Try it
Your response should contain each line of the data that includes "https".
#### Provided records
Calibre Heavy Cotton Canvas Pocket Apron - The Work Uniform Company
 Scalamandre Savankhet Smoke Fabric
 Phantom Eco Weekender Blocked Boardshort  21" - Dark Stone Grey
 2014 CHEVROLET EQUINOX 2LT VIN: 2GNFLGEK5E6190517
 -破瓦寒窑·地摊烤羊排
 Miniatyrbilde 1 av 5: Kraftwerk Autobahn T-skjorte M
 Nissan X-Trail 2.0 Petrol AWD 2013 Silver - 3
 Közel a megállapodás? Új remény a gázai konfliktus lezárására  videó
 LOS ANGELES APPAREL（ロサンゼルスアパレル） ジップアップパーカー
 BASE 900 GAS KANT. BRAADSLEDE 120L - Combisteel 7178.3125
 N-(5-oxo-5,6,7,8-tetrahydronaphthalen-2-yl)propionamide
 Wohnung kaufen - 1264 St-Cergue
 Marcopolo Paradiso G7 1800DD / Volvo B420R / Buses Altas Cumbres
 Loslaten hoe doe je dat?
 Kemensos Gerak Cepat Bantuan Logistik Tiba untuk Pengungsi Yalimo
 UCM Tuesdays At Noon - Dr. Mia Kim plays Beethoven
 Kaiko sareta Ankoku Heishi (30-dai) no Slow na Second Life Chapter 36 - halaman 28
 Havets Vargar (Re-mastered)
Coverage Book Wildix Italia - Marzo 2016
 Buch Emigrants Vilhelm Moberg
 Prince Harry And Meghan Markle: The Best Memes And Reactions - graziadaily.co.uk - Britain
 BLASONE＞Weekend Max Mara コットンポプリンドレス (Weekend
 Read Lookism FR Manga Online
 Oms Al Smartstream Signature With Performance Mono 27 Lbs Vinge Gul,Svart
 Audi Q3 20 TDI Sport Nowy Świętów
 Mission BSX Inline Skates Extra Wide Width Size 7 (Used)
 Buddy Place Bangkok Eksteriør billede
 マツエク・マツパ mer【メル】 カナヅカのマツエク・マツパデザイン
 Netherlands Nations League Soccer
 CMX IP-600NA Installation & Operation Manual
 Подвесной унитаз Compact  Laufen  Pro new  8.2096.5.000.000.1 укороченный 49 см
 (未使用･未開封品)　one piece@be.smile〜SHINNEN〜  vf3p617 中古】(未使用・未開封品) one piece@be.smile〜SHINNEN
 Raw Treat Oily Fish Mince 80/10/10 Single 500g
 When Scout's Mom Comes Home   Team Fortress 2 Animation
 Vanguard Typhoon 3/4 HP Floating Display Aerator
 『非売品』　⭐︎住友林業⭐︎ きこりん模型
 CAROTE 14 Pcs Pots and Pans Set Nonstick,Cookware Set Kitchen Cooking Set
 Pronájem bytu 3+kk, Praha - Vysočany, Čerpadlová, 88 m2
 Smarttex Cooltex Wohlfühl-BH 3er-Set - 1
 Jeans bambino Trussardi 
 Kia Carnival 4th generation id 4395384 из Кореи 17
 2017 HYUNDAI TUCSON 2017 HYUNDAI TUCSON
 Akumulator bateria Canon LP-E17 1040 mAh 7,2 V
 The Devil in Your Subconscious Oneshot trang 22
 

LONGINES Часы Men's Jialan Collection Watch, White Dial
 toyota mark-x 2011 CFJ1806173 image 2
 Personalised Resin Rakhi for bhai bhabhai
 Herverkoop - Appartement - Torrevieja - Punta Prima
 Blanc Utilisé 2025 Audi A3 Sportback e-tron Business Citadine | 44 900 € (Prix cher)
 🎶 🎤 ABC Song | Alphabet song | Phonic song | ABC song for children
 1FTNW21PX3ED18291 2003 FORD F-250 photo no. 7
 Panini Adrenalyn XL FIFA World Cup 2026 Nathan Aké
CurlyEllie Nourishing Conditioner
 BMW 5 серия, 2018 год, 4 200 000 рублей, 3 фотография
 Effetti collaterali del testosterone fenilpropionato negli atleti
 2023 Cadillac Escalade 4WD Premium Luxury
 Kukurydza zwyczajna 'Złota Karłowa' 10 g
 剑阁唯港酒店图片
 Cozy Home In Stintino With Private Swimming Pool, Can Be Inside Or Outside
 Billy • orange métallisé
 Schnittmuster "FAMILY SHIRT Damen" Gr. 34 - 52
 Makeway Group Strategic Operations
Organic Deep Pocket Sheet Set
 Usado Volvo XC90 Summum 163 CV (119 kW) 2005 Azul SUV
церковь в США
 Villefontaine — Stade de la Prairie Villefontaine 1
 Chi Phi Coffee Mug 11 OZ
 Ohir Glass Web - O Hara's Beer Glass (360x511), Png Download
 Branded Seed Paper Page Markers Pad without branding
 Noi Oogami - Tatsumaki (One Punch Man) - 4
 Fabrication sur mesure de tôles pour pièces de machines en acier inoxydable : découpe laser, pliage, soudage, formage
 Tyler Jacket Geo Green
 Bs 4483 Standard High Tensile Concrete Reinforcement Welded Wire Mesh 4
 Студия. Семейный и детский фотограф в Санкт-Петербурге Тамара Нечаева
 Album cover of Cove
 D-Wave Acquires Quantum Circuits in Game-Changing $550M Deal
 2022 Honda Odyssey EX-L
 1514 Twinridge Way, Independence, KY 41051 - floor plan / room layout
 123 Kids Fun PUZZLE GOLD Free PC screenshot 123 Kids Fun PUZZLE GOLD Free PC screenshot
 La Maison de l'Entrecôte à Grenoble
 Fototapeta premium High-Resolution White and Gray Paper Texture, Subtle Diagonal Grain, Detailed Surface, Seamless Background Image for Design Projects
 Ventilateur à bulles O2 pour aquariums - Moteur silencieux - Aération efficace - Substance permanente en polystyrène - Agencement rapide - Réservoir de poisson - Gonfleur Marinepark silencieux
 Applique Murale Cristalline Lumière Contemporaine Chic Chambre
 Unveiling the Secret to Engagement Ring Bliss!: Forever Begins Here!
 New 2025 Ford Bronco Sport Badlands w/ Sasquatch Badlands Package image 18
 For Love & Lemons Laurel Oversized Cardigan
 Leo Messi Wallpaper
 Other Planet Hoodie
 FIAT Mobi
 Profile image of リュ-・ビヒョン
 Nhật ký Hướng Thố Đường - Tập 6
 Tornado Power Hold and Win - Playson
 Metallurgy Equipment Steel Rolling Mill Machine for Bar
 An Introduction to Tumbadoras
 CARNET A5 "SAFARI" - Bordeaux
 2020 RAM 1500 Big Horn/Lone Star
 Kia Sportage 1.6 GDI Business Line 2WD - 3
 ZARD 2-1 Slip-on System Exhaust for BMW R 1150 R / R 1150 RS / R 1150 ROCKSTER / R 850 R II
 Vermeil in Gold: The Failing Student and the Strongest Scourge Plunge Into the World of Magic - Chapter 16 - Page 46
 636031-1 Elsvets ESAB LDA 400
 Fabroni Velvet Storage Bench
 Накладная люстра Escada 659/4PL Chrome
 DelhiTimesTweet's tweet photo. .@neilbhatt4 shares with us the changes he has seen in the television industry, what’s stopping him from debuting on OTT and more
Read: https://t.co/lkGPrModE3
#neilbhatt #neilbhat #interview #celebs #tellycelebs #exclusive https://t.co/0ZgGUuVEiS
########
Answer area
Read: https://t.co/lkGPrModE3
#neilbhatt #neilbhat #interview #celebs #tellycelebs #exclusive https://t.co/0ZgGUuVEiS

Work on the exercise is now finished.